SHERIF WADOOD: Mobile technologies caught media organisations off guard, and not only in the Arab world. It took a while until their vast capabilities and ways of commercialising these became apparent to publishers. The younger the organisation, the better it managed to integrate mobile technologies in its publishing cycle.
Today they are the most important part of Al Masry’s digital strategy. Local political events have generated an impressive spike in consumption in Egypt. Soon mobile phones and tablets will exceed laptops in terms of news access. We should be ready for that, not only by delivering our content but by receiving content and feedback from our readers. We are training our journalist on how to produce content specifically for mobiles. Some organisations already have a dedicated mobile editor-in-chief and another for tablet applications. Citizens are everywhere and can cover what we cannot, so we build models for collaboration between the professional journalist and the citizen journalist to ensure the same quality of reporting.
Can the increased demand for news be sustained and how can it be monetised?
WADOOD: Local content makes our media products unique. We offer our readers the news that relates to their daily life and society. We believe local content is the future and are moving to hyper-local content on our different publications and mobile phone apps. Monetisation is a challenge, yet there are solutions through targeted products. In Egypt we still have a long way to go to reach an acceptable level of monetising local content. The key may be in mobile applications.

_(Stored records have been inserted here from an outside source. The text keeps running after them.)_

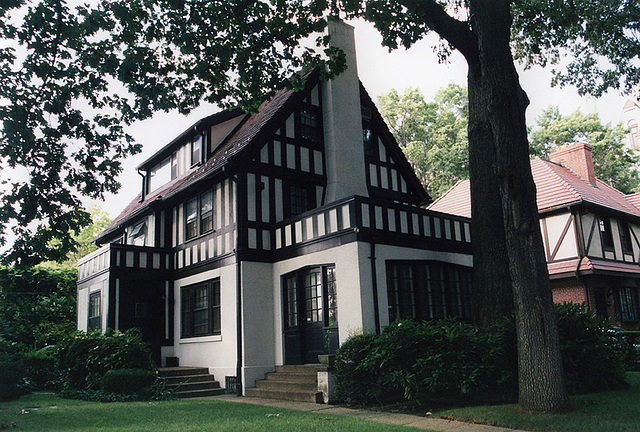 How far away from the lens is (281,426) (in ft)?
26.2

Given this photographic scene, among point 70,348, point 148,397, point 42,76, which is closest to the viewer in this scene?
point 42,76

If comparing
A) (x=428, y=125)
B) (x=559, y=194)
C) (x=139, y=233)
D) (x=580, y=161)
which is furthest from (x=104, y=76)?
(x=428, y=125)

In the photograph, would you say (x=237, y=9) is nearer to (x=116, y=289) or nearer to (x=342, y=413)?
(x=342, y=413)

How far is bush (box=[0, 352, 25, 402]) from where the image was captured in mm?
12953

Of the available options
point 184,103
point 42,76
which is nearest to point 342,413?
point 184,103

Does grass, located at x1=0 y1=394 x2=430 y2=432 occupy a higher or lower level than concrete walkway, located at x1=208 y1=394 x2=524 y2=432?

How competitive has the media market become?
WADOOD: New and independent media outlets generally enrich the media industry. Competition should lead to better quality, impact, reach and innovation, however this is not the case in Egypt. We lack a regulatory framework and the ambition to reach beyond our borders. Egyptian media has lost the lead in many areas during the past 10 years, due to a lack of funding and state dominance. As a result, Egyptians get the news and entertainment from non-Egyptian TV channels.
The situation is much better with digital media as the investment needed to develop digital media outlets is less than what is needed to create a TV channel or newspaper. The quality of Egyptian websites is improving and there are many innovative new ideas.
To what extent has domestic press freedom been affected since the revolution?
WADOOD: Egyptian press has been always in a better position regarding its freedom compared to press in most Arab countries. There is a long history of struggle between the press and authorities. Since the revolution, nothing has been done to guarantee freedom or access to information. There have been attacks on the media when the coverage does not agree with authorities, such as bloggers being arrested. The public became very much politically engaged and hypersensitive to views or news which do not follow their political orientation. In the future we expect a new regulatory body to guarantee freedom of expression and access to information. Press freedom is the best way to put the Egyptian media on the top again and increase its impact. It should be protected by law and constitution to avoid the interference of authorities.
How reliable are circulation and distribution figures?
WADOOD: The distribution of all publications, whether public or private, was until recently monopolised by state organisations. They used to inflate their circulation figures by three- to four-fold to attract advertisers. There was no independent auditor. The result was that every organisation kept its figures secret so as not to stand at a disadvantage in drawing in advertisers. There is an urgent need for an independent organisation to conduct audits and announce the true figures.